Oleh: Fakhrur Rozi
PEKAN lalu penggemar sepakbola di dunia diselimuti kabar dihentikannya liga-liga dunia. Liga Serie A Italia, disusul Liga Primer Inggris, La Liga Spanyol dan terbaru Liga 1 Indonesia juga dihentikan menyusul pandemi Virus Corona.
Pemberhentian liga-liga mashyur dunia itu (kalau Anda percaya, Liga 1 Indonesia termasuk di dalamnya), menambah gundah pendukung Liverpool, yang pekan lalu ‘tebuntang’ (jatuh terjerembab dan malu) dari Liga Champions Eropa, di Anfield Stadium .
Kami mencoba melihat kekalahan Liverpool atas Atletico Madrid secara objektif bercampur ‘gondok’ (kesal). Objektif karena dalam setiap pertandingan harus ada yang menang dan kalah. Gondok karena Juergen Klopp seperti ‘membiarkan’ Atletico lewat. Saya punya beberapa fakta sebagai sandaran untuk memilih kata membiarkan itu.

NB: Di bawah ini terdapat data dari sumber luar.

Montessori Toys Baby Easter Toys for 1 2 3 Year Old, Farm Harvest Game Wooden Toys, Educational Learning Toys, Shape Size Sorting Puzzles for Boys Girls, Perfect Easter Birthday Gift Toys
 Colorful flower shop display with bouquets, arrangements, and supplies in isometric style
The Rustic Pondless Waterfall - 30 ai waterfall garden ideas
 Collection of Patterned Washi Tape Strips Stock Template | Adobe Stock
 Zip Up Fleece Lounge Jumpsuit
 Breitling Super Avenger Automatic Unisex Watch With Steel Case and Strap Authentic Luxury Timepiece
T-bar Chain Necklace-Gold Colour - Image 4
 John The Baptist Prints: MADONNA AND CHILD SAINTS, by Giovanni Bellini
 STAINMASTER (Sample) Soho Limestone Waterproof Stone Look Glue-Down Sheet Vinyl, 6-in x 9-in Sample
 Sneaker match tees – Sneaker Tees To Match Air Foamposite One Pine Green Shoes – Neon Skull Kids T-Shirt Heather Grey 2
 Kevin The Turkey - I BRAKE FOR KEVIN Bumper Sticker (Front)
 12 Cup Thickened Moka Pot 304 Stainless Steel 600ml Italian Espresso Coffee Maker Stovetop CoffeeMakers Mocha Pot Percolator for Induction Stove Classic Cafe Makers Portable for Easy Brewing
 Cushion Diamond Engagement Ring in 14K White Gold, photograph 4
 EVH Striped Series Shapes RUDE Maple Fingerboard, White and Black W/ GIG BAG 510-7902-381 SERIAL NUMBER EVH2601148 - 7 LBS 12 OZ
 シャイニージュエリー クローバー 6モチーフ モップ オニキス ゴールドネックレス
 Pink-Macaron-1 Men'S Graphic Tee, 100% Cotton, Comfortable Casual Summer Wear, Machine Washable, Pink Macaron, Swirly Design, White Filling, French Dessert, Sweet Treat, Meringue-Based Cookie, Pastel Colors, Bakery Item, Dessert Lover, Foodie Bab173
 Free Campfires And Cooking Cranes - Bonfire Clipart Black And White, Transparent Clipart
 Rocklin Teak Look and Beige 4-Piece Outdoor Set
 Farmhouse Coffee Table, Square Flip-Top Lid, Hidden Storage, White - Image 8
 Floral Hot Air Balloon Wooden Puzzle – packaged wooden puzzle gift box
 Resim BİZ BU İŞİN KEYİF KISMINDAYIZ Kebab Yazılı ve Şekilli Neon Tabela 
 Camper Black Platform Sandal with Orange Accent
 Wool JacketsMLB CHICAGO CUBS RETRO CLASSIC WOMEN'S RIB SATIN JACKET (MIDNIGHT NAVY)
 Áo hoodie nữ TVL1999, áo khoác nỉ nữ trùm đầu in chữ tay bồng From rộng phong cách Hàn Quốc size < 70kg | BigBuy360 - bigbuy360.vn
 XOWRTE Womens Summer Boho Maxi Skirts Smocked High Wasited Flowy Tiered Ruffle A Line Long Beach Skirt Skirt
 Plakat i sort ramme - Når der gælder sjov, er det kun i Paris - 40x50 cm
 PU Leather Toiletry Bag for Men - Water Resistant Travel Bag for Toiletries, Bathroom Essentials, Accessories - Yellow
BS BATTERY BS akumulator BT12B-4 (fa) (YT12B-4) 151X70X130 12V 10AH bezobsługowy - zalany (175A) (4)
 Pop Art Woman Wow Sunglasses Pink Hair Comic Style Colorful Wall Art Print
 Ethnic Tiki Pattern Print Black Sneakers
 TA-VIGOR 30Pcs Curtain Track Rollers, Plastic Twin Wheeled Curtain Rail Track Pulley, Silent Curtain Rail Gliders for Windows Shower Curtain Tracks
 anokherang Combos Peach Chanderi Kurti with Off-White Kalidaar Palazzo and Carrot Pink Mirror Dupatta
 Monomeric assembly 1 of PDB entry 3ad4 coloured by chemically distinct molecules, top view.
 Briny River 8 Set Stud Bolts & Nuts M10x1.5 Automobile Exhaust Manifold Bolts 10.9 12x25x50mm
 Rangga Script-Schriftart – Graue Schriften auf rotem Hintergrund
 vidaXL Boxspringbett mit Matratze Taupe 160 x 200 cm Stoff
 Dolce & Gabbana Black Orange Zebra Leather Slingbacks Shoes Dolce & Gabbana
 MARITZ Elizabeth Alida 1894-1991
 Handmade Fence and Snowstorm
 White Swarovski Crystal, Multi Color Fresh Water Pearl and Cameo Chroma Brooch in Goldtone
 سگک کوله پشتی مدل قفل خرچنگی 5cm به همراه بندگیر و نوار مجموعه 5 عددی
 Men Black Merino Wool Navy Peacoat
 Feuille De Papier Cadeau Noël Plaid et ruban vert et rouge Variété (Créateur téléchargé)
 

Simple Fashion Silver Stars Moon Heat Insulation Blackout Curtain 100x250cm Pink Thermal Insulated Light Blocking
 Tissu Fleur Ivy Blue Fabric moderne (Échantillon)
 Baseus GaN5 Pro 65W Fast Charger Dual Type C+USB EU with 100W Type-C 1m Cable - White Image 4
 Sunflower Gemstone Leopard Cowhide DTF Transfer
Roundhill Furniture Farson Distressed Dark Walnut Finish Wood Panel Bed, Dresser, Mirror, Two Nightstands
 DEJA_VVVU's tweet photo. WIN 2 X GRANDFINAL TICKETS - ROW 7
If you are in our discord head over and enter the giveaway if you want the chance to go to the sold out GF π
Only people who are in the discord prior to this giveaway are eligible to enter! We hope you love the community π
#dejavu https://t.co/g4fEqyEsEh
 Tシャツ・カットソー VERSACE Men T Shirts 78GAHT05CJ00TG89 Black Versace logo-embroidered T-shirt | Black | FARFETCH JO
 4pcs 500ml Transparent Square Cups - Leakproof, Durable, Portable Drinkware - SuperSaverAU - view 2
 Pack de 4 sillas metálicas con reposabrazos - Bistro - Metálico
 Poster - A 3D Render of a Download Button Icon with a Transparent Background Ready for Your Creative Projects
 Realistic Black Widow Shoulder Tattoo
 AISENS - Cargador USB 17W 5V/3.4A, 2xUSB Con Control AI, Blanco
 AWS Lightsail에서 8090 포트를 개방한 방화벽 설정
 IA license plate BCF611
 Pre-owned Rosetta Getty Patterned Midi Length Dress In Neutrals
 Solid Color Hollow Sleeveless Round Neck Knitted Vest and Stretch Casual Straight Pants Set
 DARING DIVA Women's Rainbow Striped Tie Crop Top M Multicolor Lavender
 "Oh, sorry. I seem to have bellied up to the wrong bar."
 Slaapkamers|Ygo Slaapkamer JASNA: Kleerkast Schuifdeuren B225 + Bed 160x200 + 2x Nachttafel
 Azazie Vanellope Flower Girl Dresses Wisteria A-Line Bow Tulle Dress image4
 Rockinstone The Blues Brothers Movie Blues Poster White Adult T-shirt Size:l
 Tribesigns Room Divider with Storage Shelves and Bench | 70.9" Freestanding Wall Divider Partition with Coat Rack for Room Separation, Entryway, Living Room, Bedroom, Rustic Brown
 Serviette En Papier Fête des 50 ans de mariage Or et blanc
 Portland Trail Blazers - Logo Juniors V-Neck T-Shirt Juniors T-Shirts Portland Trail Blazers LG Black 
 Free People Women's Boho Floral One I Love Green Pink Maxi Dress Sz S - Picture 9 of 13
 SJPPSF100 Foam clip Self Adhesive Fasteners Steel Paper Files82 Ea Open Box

Pertama, Klopp menyadari timnya akan bermain tanpa Alisson dan digantikan Adrian saat bersua Atletico Madrid di leg kedua itu. Kemampuan dua kiper ini jauh beda. Alisson sudah teruji dengan penyelamatan mayor di bawah mistar. Sementara Adrian juga teruji, dengan sejumlah keberuntungan. Dengan situasi Adrian di bawah mistar, harusnya, Klopp bisa memaksa pemainnya bermain lebih beringas dengan mencetak gol sebanyak-banyaknya.
Kedua, Klopp menyadari dia kehilangan The Winning Liverpool, usai kalah 1-0 dari Atletico Madrid di leg pertama. Setelah kalah itu, Liverpool kalah lagi Watford 3-0 dan Chelsea 2-0. Liverpool sempat menang saat bersua tim lemah AFC Bournemouth 2-1. Harus dicatat, empat laga itu dilakoni dengan formasi serupa (4-3-3) dan pemain yang 80% sama. Dengan formasi serupa, tentu saja mudah bagi pelatih Atletico Dieogo Simeone memainkan taktiknya. Main bertahan sejadi-jadinya. Soal formasi ini jadi tak lazim bagi kami.
Liverpool – Klopp juga Manusia
Klopp biasanya bisa memainkan formasi yang berbeda untuk memastikan timnya tetap bisa bergerak dan menang. Perubahan formasi sejak awal ataupun di tengah laga seperti kontra Leicester di Liga Primer Inggris. Pergantian formasi diterapkan Klopp untuk 3 pemain depannya, yakni Mohamed Salah, Roberto Firmino dan Sadio Mane.
Mohamed Salah dipasang sebagai ujung tombak, sementara Roberto Firmino dan Sadio Mane berperan sebagai nomor 10 di belakang Mohamed Salah. “Kami mengubah formasi sedikit, kami memasang Mo (Salah) di tengah dan Bobby Firmino dan Sadio mengambil peran nomor 10, untuk memberikan lawan sebuah kejutan,” kata Klopp. Kemarin, itu tidak terlihat.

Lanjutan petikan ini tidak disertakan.